## Assignment:
Leave the images aside and copy out the whole listing, exact to the word.

## Data shown:
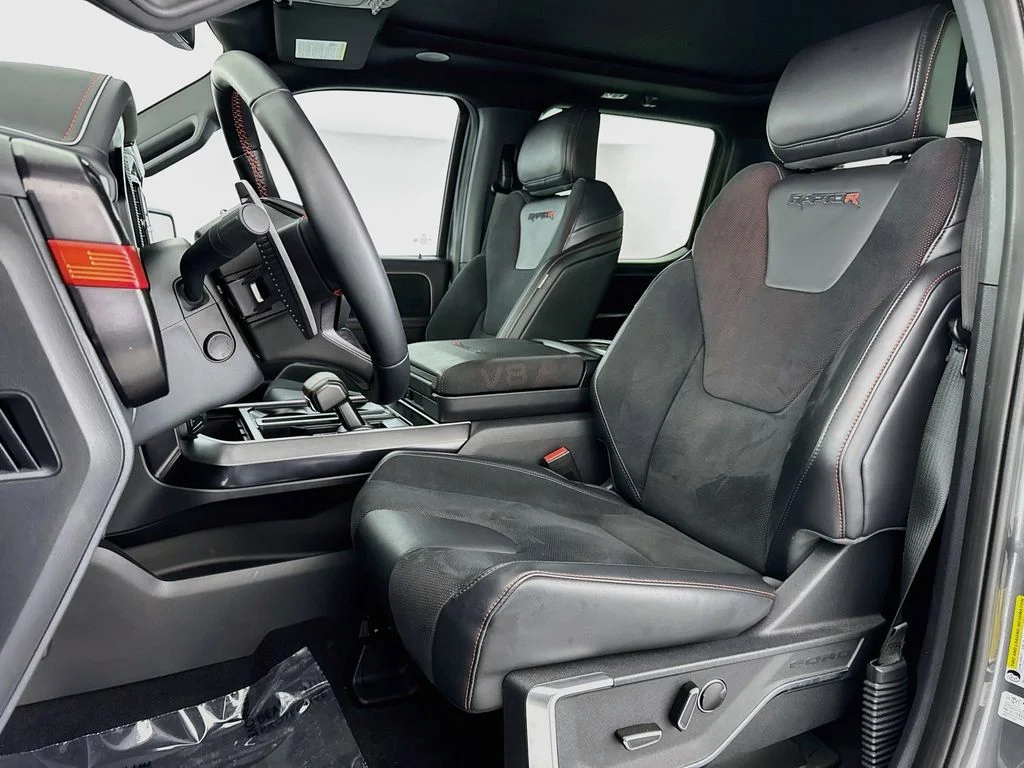 Used 2025 Gray Ford Raptor image 33
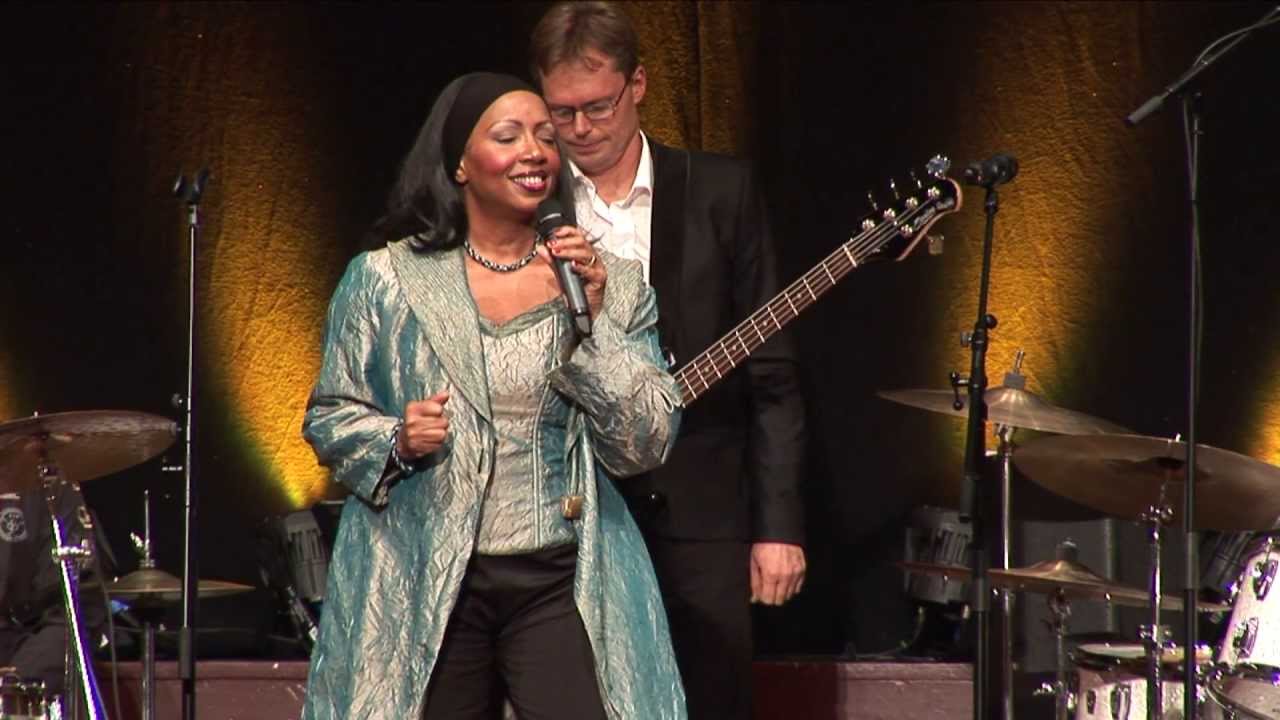 I will survive - The Voyagers feat. Soleil Niklasson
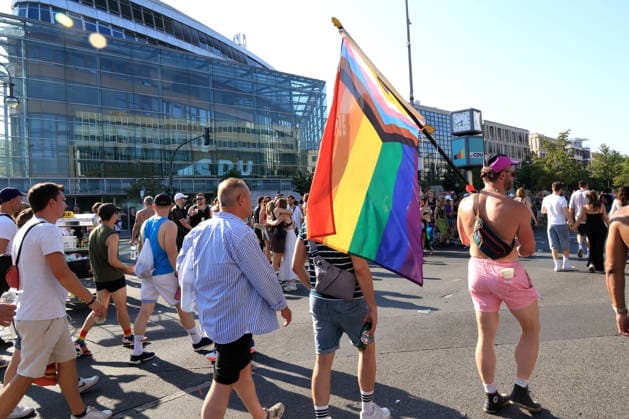 CSD in Berlin Menschen , Fahnen, Partywagen, CDU- Centrale Nordphoto *** CSD in Berlin: People, Flags, Party Floats, CDU Headquarters, Nordphoto Copyright: xNordphotox xEnglerx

## Solution to this exercise:
 Used 2025 Gray Ford Raptor image 33
 I will survive - The Voyagers feat. Soleil Niklasson
 CSD in Berlin Menschen , Fahnen, Partywagen, CDU- Centrale Nordphoto *** CSD in Berlin: People, Flags, Party Floats, CDU Headquarters, Nordphoto Copyright: xNordphotox xEnglerx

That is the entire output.